- _EXERCISE AIM_: From the line with "This time I" to the line with "Hello guys and", output every line below exactly, both ends included. Skip the pictures.

- _DATA_:
****

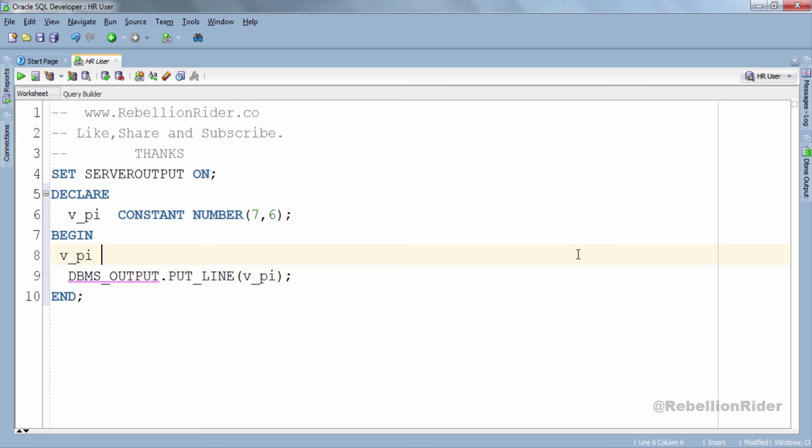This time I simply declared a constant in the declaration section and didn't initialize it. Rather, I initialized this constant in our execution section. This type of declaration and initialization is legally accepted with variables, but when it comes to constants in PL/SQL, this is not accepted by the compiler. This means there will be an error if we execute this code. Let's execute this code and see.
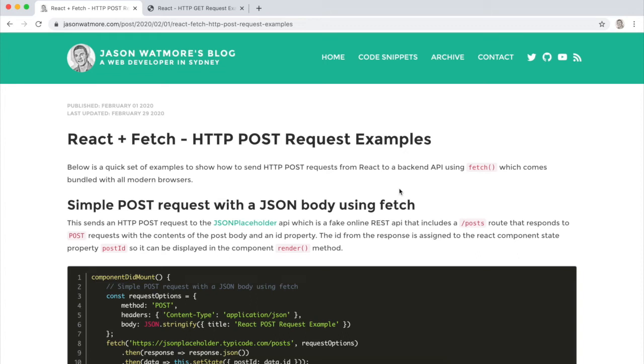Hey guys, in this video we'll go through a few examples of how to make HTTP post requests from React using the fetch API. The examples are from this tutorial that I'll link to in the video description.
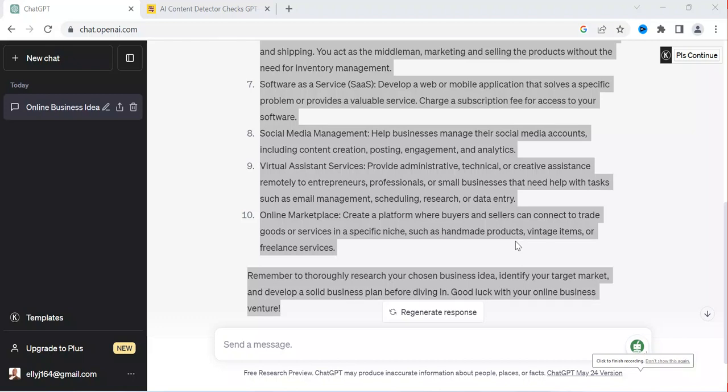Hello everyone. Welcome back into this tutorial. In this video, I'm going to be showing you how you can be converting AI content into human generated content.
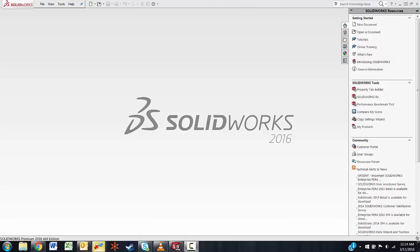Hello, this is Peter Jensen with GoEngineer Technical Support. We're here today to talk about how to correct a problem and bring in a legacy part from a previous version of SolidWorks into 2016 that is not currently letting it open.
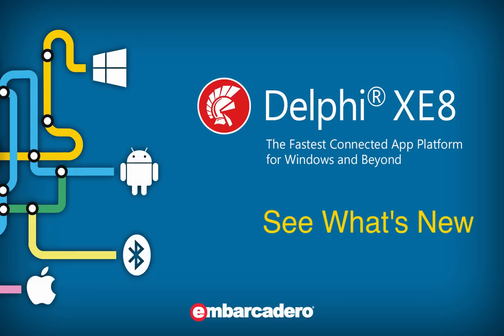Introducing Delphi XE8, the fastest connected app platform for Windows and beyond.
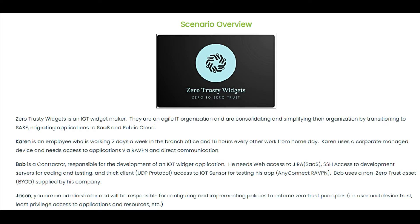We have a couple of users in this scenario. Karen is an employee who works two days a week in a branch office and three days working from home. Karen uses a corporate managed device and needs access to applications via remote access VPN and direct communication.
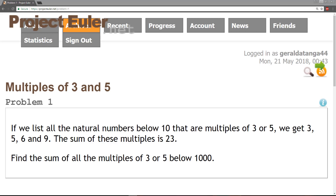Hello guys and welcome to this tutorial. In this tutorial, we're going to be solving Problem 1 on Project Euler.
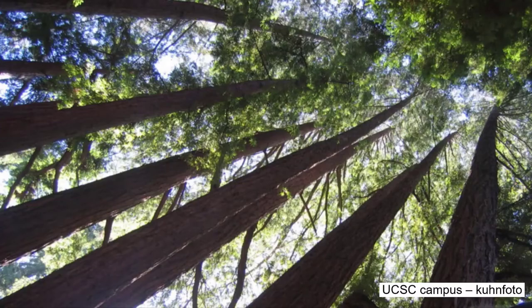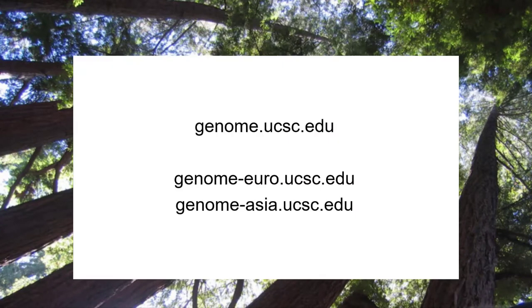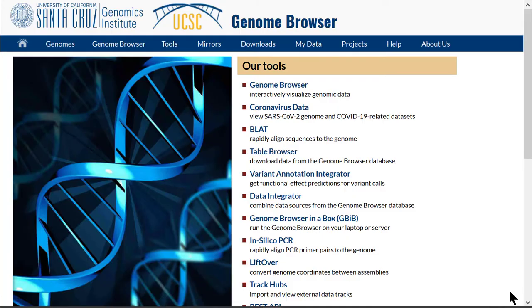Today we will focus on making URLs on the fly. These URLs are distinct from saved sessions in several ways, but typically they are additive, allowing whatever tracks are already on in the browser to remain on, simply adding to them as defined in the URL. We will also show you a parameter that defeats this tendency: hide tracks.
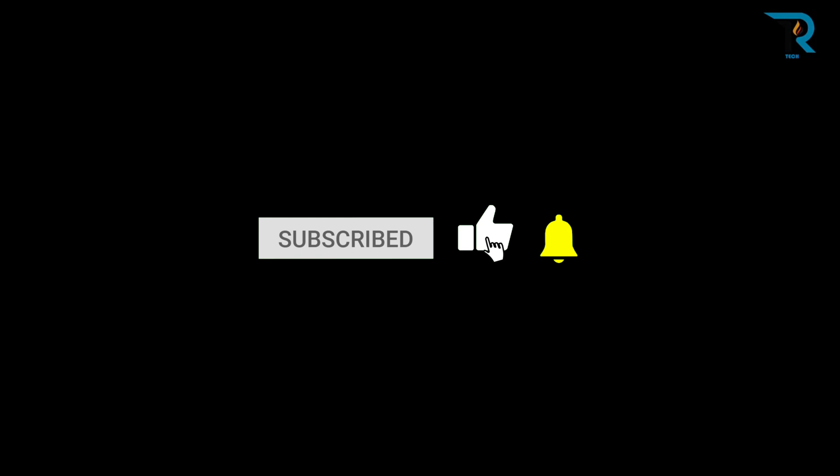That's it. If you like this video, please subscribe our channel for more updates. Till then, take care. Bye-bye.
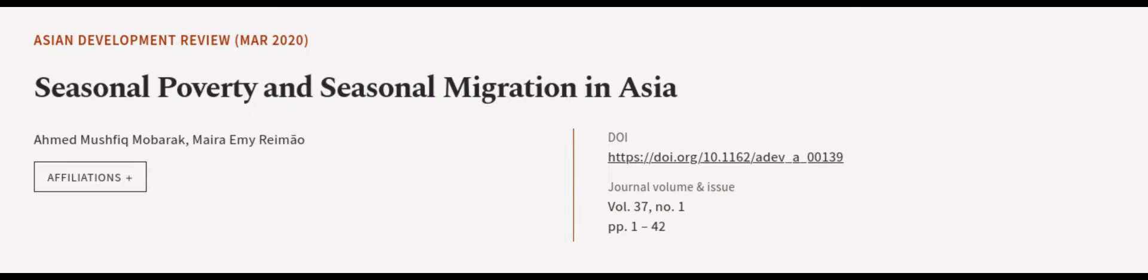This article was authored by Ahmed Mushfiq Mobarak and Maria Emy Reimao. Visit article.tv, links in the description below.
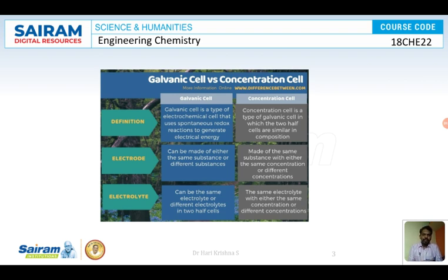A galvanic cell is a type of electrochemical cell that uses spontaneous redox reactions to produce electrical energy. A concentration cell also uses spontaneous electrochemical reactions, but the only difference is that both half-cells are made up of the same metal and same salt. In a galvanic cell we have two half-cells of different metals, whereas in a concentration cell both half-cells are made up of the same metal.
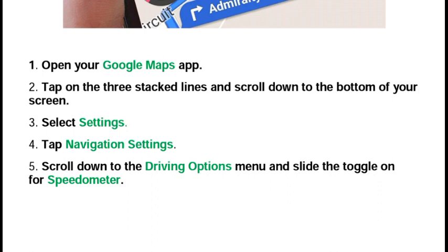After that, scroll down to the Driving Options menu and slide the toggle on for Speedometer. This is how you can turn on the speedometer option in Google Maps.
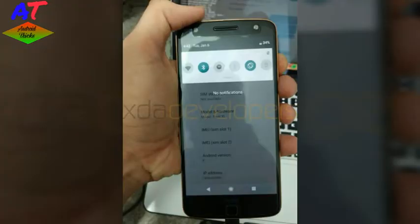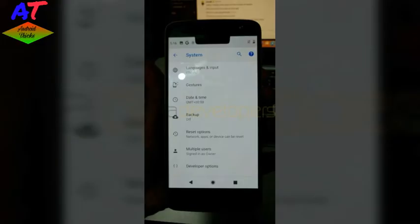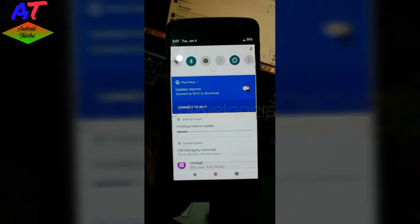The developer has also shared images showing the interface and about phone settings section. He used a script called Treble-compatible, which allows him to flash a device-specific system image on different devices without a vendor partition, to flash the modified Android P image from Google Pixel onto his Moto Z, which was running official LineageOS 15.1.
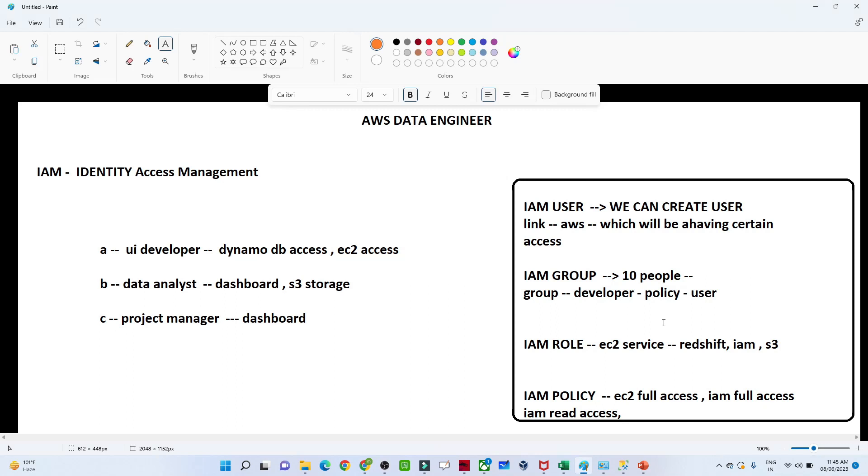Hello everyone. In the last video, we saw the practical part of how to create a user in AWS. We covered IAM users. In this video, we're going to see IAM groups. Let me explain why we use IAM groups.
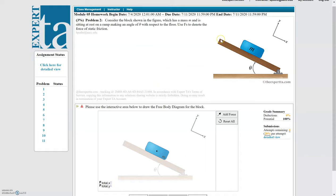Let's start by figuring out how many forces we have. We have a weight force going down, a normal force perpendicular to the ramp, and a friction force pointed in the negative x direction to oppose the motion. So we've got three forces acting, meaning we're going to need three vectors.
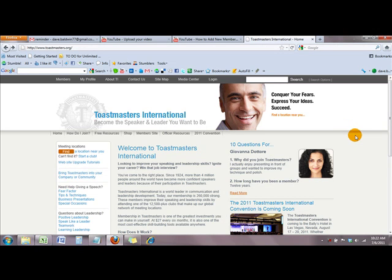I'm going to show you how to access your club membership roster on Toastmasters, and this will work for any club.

****

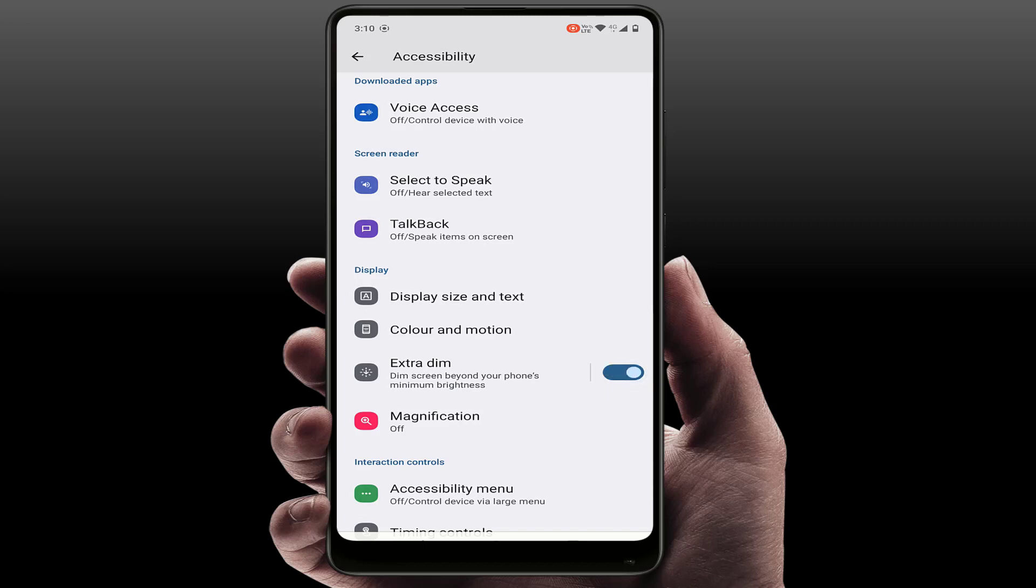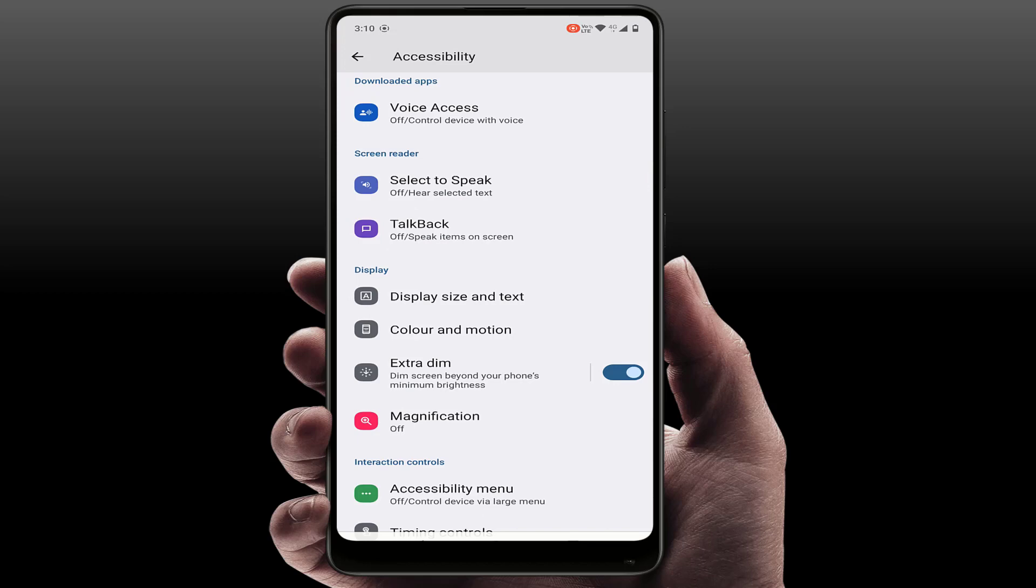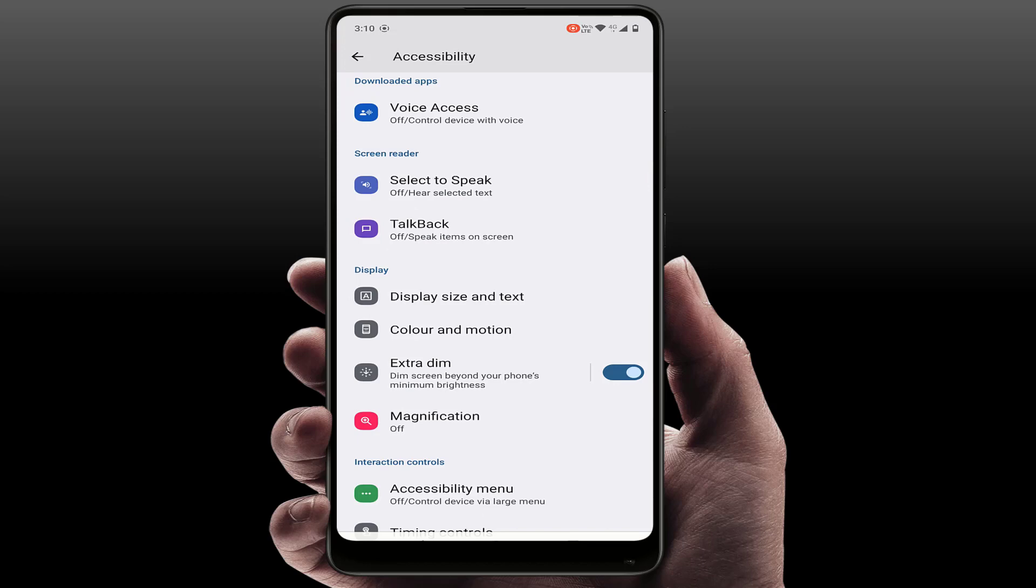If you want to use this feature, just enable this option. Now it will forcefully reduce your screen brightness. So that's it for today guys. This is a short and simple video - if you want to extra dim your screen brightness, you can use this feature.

****

- _EXPECTED ANSWER_:
This time I simply declared a constant in the declaration section and didn't initialize it. Rather, I initialized this constant in our execution section. This type of declaration and initialization is legally accepted with variables, but when it comes to constants in PL/SQL, this is not accepted by the compiler. This means there will be an error if we execute this code. Let's execute this code and see.
Hey guys, in this video we'll go through a few examples of how to make HTTP post requests from React using the fetch API. The examples are from this tutorial that I'll link to in the video description.
Hello everyone. Welcome back into this tutorial. In this video, I'm going to be showing you how you can be converting AI content into human generated content.
Hello, this is Peter Jensen with GoEngineer Technical Support. We're here today to talk about how to correct a problem and bring in a legacy part from a previous version of SolidWorks into 2016 that is not currently letting it open.
Introducing Delphi XE8, the fastest connected app platform for Windows and beyond.
We have a couple of users in this scenario. Karen is an employee who works two days a week in a branch office and three days working from home. Karen uses a corporate managed device and needs access to applications via remote access VPN and direct communication.
Hello guys and welcome to this tutorial. In this tutorial, we're going to be solving Problem 1 on Project Euler.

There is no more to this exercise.